How We Work: Agentic-First Engineering
At JTL, AI-assisted development is not optional - it’s how we build. Engineers on our team actively uses tools like GitHub Copilot, Claude Code, Cursor, or similar AI coding assistants as part of their daily workflow. We expect you to bring experience with these (or similar) tools.
Your Responsibilities
- You own end-to-end system architecture for agentic AI applications, from high-level design through production deployment, scaling, and observability.
- You design and build multi-agent orchestration systems using frameworks such as LangChain, LangGraph, CrewAI, AutoGen, Semantic Kernel, or custom orchestration layers.
- You architect scalable, fault-tolerant backend services using Python (FastAPI, async patterns) with clean API contracts (REST, GraphQL, gRPC) consumed by internal teams and external clients.
- You implement cloud deployment strategies on Azure (AKS, Azure AI Services, Functions),or other cloud, including infrastructure-as-code, CI/CD pipelines, and cost governance.

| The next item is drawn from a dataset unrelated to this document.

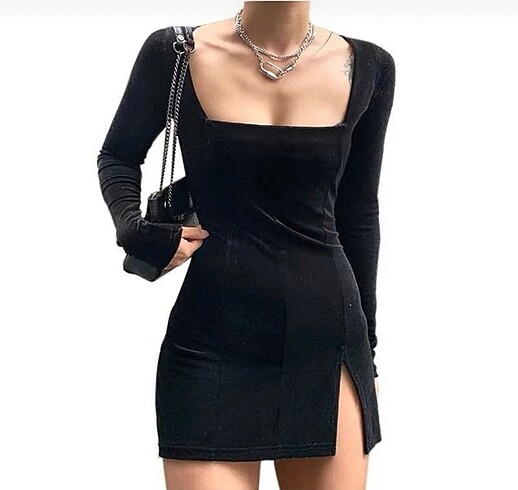 Siyah yırtmaç detaylı kadife elbise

- You design integration patterns for connecting agents to external tools, APIs, databases, and enterprise systems in a secure and extensible way.
- You establish architectural standards, design patterns, and engineering best practices for the AI engineering team (code quality, testing, security, documentation).
- You evaluate emerging agentic AI technologies, LLM providers, and tooling; present technical recommendations and trade-off analyses to leadership.
- You mentor and grow junior and mid-level engineers through architecture reviews, code reviews, and knowledge-sharing sessions.